The source code for paper "Sliding Window-based Approximate Triangle Counting over Streaming Graphs with Duplicate Edges"
The code is divided into the following parts:
SWTC-structure cantains the structure of SWTC. The head file sample.h defines class sample, which is used in SWTC algorithm. It has 3 functions: Initialization funtion sample(int size, int w), where size is the parameter k, namely the number of substreams, all the maximum number of sampled edges, and w is the sie of the sliding window N. Insertion function proceed(unsigned long s, unsigned long d, long time): insert an edge s, d with timestamp time. count(): returns the triangle count estimation.
weighted-SWTC contains the structure of SWTC for weighted counting. The files, classes and functions are organizetion in the same manner as SWTC-structure.
baseline-structure contains the structure of the baseline method. The head file BPS-sample.h defines class BPSsample, which is used in baseline algorithm. It also has 3 functions, the initialization function BPSsample(int size, int w), Insertion function proceed(unsigned long s, unsigned long d, long time), and count(). These meaning of parameters of these functions is the same as the SWTC-structure.
weighted-baseline contains the structure of baseline for weighted counting. The files, classes and functions are organizetion in the same manner as baseline-structure.
Golden contains the structure used for computing accurate triangle count. The head file GoldenCounter.h defines class GoldenCounter. It mainly has 3 functions. the initialization function GoldenCounter(int w), where w is the size of the sliding window. Insertion function insert_edge(string s, string d, long time), and triangle_count() which returns the triangle number.
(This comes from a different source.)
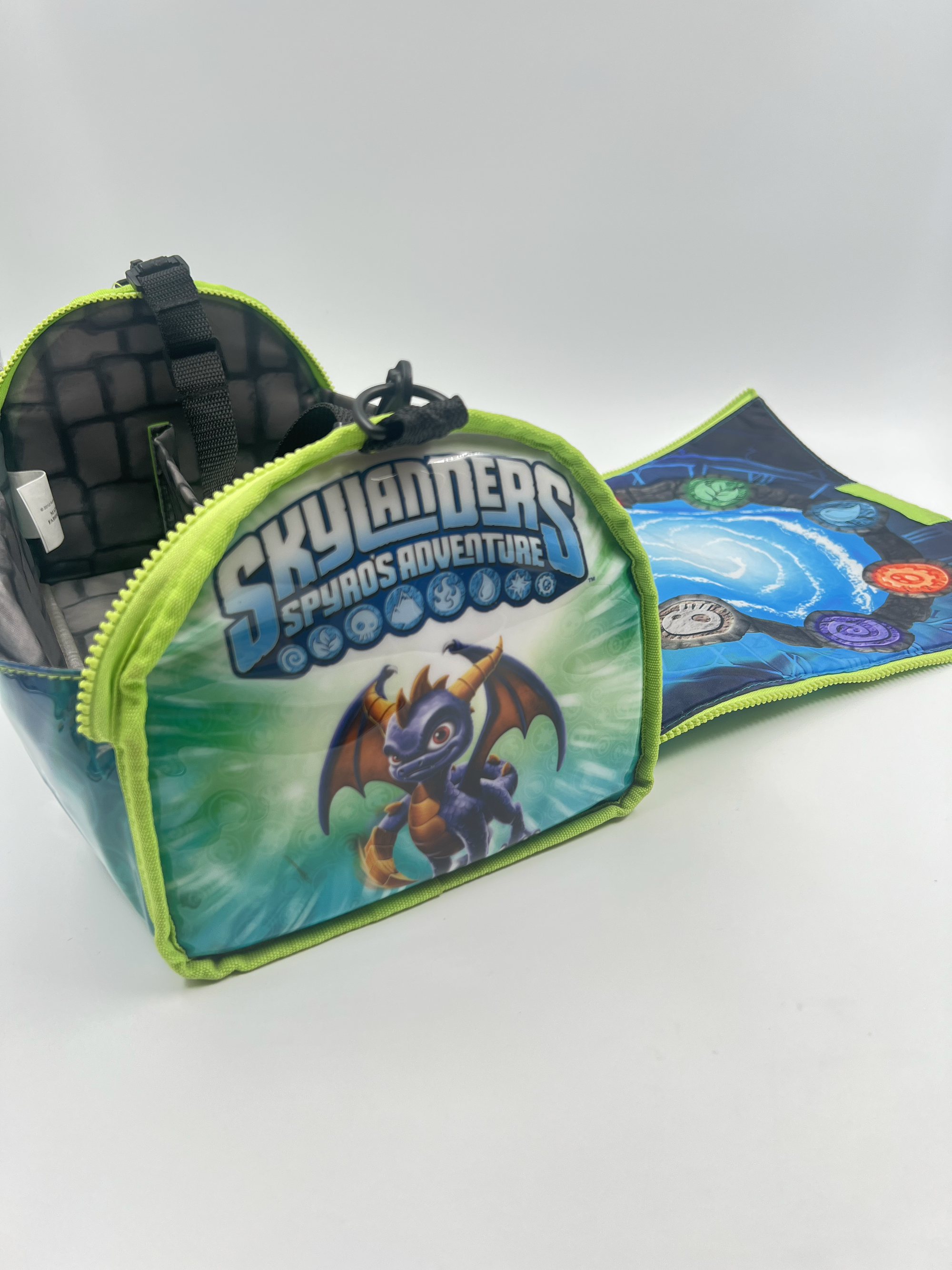 Groene opberzak rechthoekig - Skylanders Spyro's Adventure - Medium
weighted-Golden contains the structure used for computing accurate weighted triangle count. The files, classes and functions are organizetion in the same manner as Golden.
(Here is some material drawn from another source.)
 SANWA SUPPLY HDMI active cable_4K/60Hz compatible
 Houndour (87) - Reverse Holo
common_structure contains structs, classes and functions shared by all the above algorithms.
The example.cpp gives an example of using these algorithms. It reads the data file "stackoverflow.txt", and varies the sliding window size from 4M to 5M, inceased by 0.1 million each time, to carry out a set of experiments. In each experiment, it sets 100 checkpoints, and compute the triangle estimation of SWTC, baseline and golden standard at each checkpoint. The sample rate is 0.04 for SWTC and baseline, which means their max sample size is 0.04 of the sliding window size. The result is output as "stack_4%_xx" where xx is (sliding window size)/0.1M. Each output file contains 100 checkpoints, and each checkpoint contains the following 3 lines:
"tc triangle " (the valid sample size of SWTC) (the triangle estimation of SWTC)
"BPS triangle " (the valid sample size of baseline) (the triangle estimation of baseline)
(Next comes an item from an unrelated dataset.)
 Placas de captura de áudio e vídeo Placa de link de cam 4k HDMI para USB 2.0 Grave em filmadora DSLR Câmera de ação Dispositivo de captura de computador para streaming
"standard count " (the distinct edges in the sliding window) (the accurate triangle count in the sliding window).
The data are not uploaded to Github, as they are too large. But we give the link of the 3 datasets as follows:
Wikipedia: http://konect.uni-koblenz.de/networks/dbpedia-link
stackoverflow : http://snap.stanford.edu/data/sx-stackoverflow.html
yahoo: https://webscope.sandbox.yahoo.com/catalog.php?datatype=g
actor: http://konect.cc/
The dataset need to be sorted according to timestamps first.
Note that counting accurate triangle count is time consuming therefore the example.cpp takes a long time to finish.